Monday, March 5, 2018

Teleological Ethics

In this post, I take up the task of arguing for a teleological ethics, that is, an ethics in terms of ends. I will be stealing an immense amount from Korsgaard, but I am not exactly sure which works, and some of it is likely second-hand.

A teleological ethics need not presume that things have ends given them by some external agent. It must, however, assume that ends of things can be posited in some manner. It is generally connected to a view of good in general that holds that "being good" is a predicate with application relative to the ends of the bearer.

Let us begin by elaborating this notion of good with a case where the end is provided by an agent: chairs. A chair has a purpose: to hold someone up who sits in it. Most chairs are supposed to do so in a manner comfortable for--and even better, good for--the individual sitting in the chair. Thus, a sturdy, ergonomic chair is a better chair, as a chair, than one which can only hold 100lbs, and is uncomfortable. These goods are all relative to the purpose the chair is to be put to, however. A children's chair makes a bad chair for a grownup. A good chair may make a bad prop. Furniture is often intended to be aesthetically pleasing, that is, they should look nice.

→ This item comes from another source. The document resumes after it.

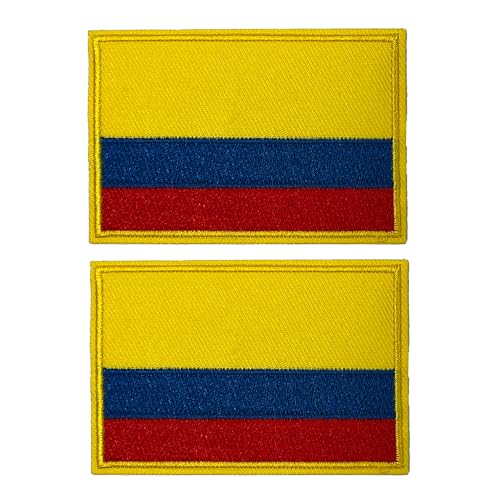 2 x Kolumbien-Flagge, rechteckig, zum Aufbügeln, bestickt, 8 x 5,5 cm von Panda Loco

So a futuristic-looking chair would be a bad chair for a cozy log-cabin-style den.

A teleological ethics claims that human beings have an end, and that to be a good human being is to fulfill that end. Some teleological ethics utilize revelation to determine what this end is. Others examine how humans operate in social life to try to figure it out. Both, however, assume that pursuing this end will result in a life we will be glad to have lived.

We all have a view about what our ends are. We all have views about what kind of life we will be able to look back on with pride versus shame. Further, I would claim, we all live in an effort to fulfill the ends we take to be ours. Insofar as we identify as being certain ways, we try to be those ways well. We try to be good versions of what we take ourselves to be. When we do not, it is because we do not value being those things. If you want to be x, then you will try to be a good x, whatever you take that to be, just as, if you want a chair, you will want a good chair, whatever that means in the given context.

If I understand her right, Korsgaard holds that we should base our ethics on those descriptions under which we cannot help but value ourselves. There is something to this, and it results in ethics being inherently motivated (albeit other motives can keep us from being ethical). However, as usual with Kantian moves of this sort, it is hard to see how we can get much of an ethical system out of this. What I think is right here is that whatever ethical system is right should hook up to how we are motivated in just this way: the truth-maker for a moral ought claim "one should phi" should, if we know and accept and value it, motivate us to phi.

Instead of relying on what we cannot help but value in this manner, I would suggest we examine the kinds of beings we find ourselves to be and what traits we find we cannot do without. We should then value those traits. We may avoid valuing ourselves as embodied, rational, social beings. Nevertheless, these are characteristics which human beings ought to possess. Things go poorly for us and others around us when they are lacking. Whatever one's values, one should value being embodied, rationally agential, and social, because we cannot do without them.

In closing, I want to distinguish between three ways in which one might be said to value something one is. First, one might explicitly value it, that is, one may claim and believe that one values it. Second, one may actually value it, that is, treat it as valuable. Third, one may find one's behaviors which exhibit disvaluing it to have results which one disvalues. The third is that in virtue of which we should do the second, ceteris paribus. The first has little to do with the above. Up to this paragraph, all my uses of the term "value" are meant in the second sense. The other two are derivative meanings which I include here to disambiguate what I mean by the verb "to value."